[[ Data in this exercise, beginning ]]
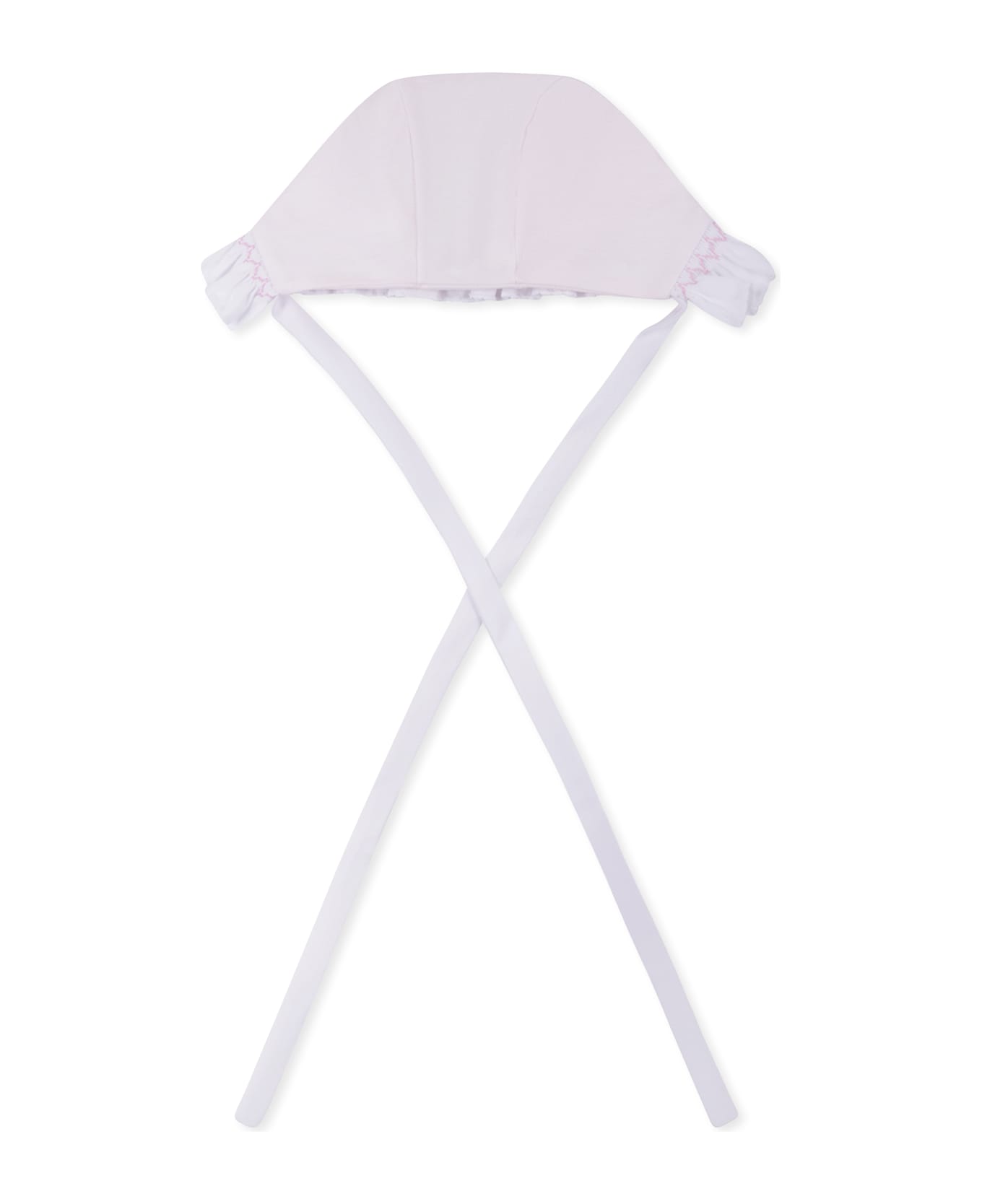 La stupenderia Pink Hat For Baby Girl - Pink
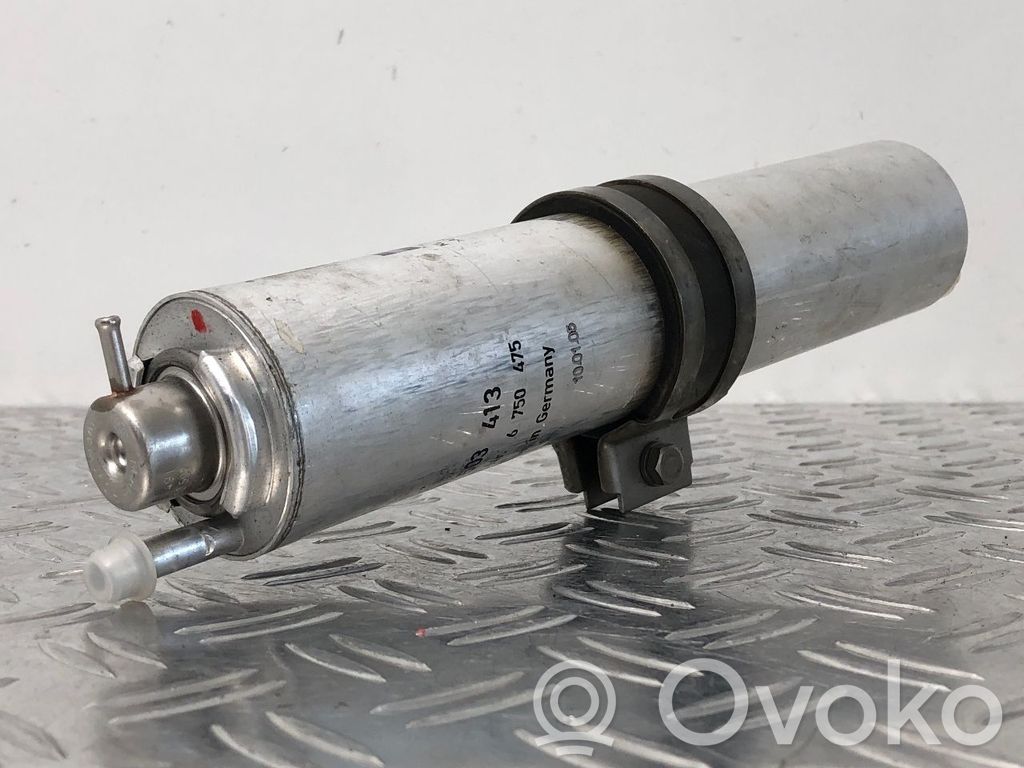 BMW 7 E65 E66 Filtro de combustible 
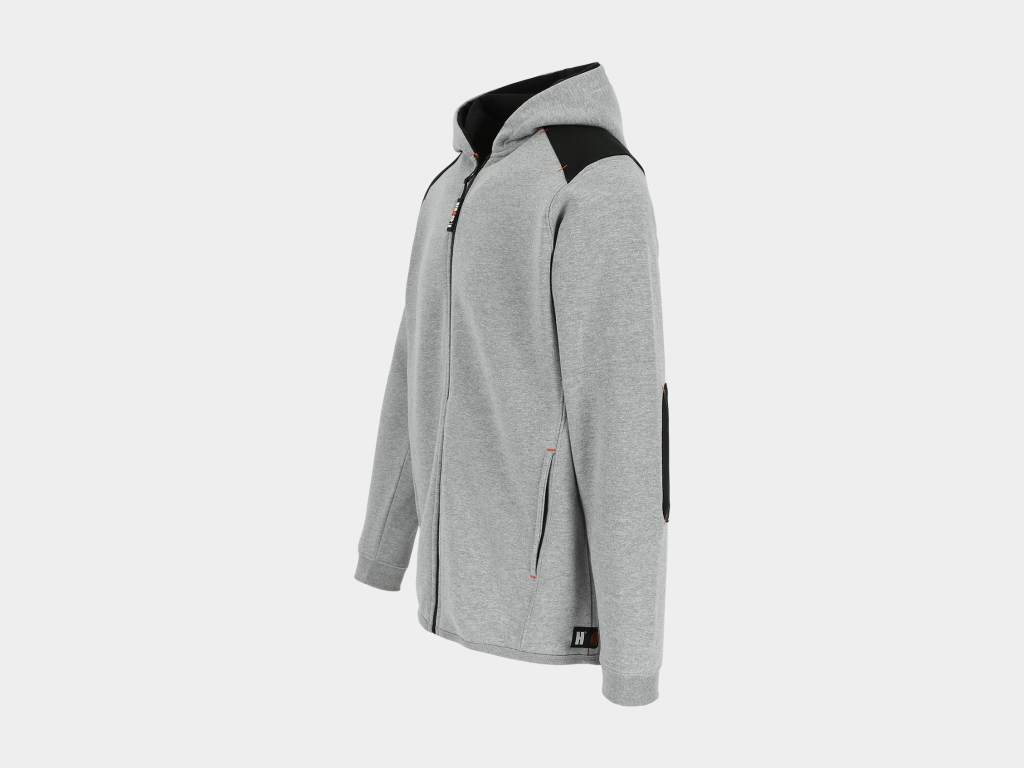 Juno sweater met kap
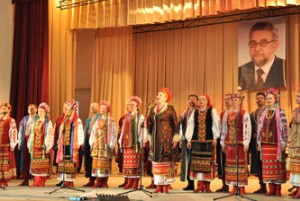 На Полтавщині колектив обласної філармонії розпочав турне селами області 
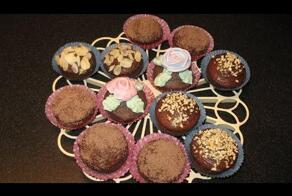 Капкейки? Нет! Аудитория против! Пирожные домашние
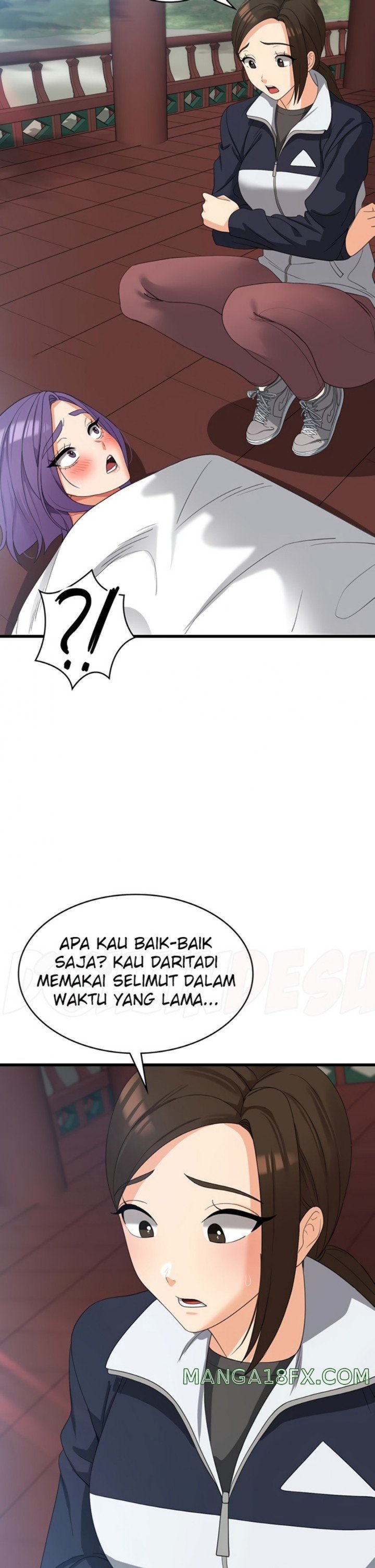Sexy Men x Goddess Raw - Chapter 31 Page 25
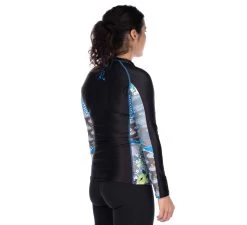 Fuji Kimono Womens Long Sleeve Rashguard -Sports-Boxing & Martial Arts womens kimono rashguard 0002 DSC00070 1600x1600 dc753d32 c816 4f0a ad13 84b0a65364de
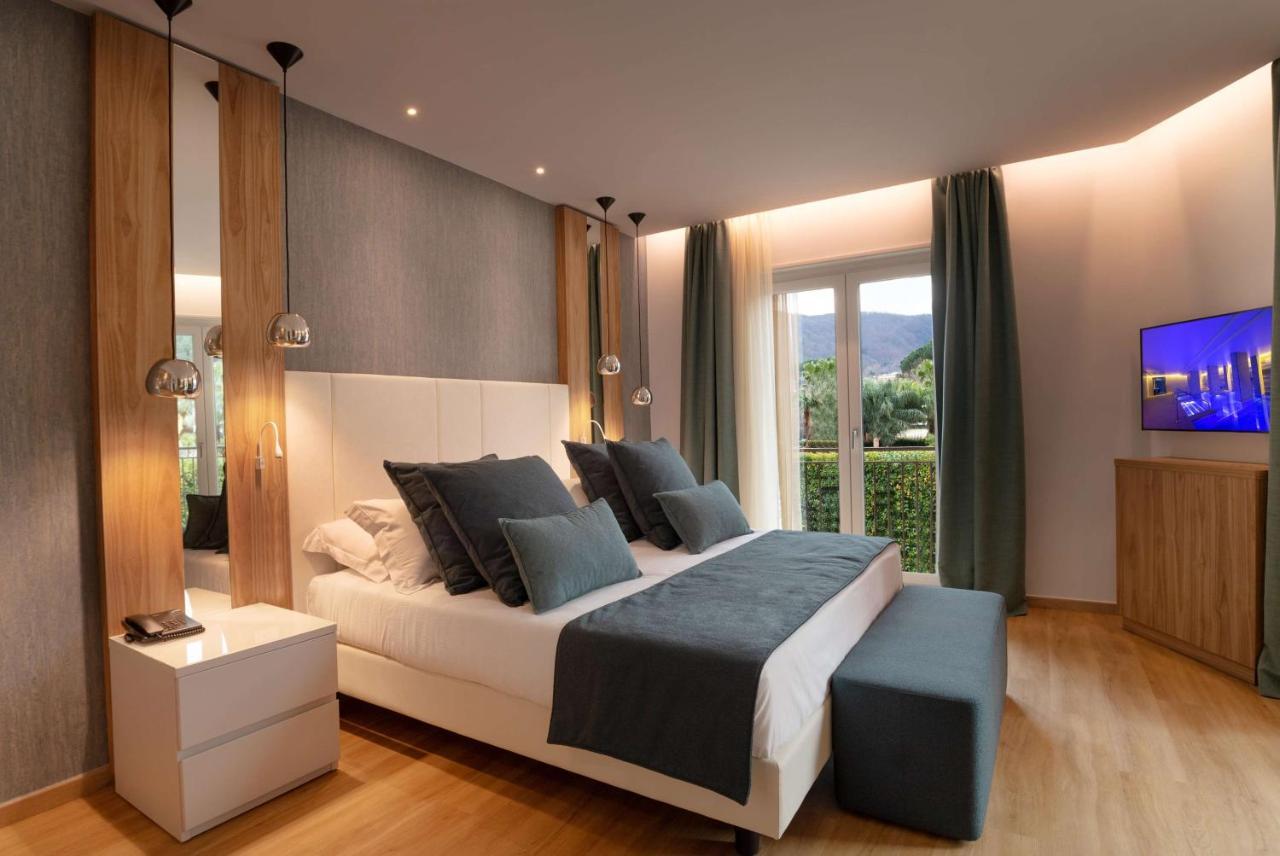 San Severino Park Hotel & Spa, BW Signature Collection 메르카토 산 세베리노 외부 사진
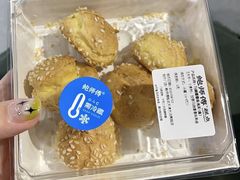 -鲍师傅糕点(大沽南路店)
[[ Data in this exercise, end ]]
Give back exactly the lines from the one containing "San Severino Park" through the last line above, both included, and none of the pictures.

→ Reply:
 San Severino Park Hotel & Spa, BW Signature Collection 메르카토 산 세베리노 외부 사진
 -鲍师傅糕点(大沽南路店)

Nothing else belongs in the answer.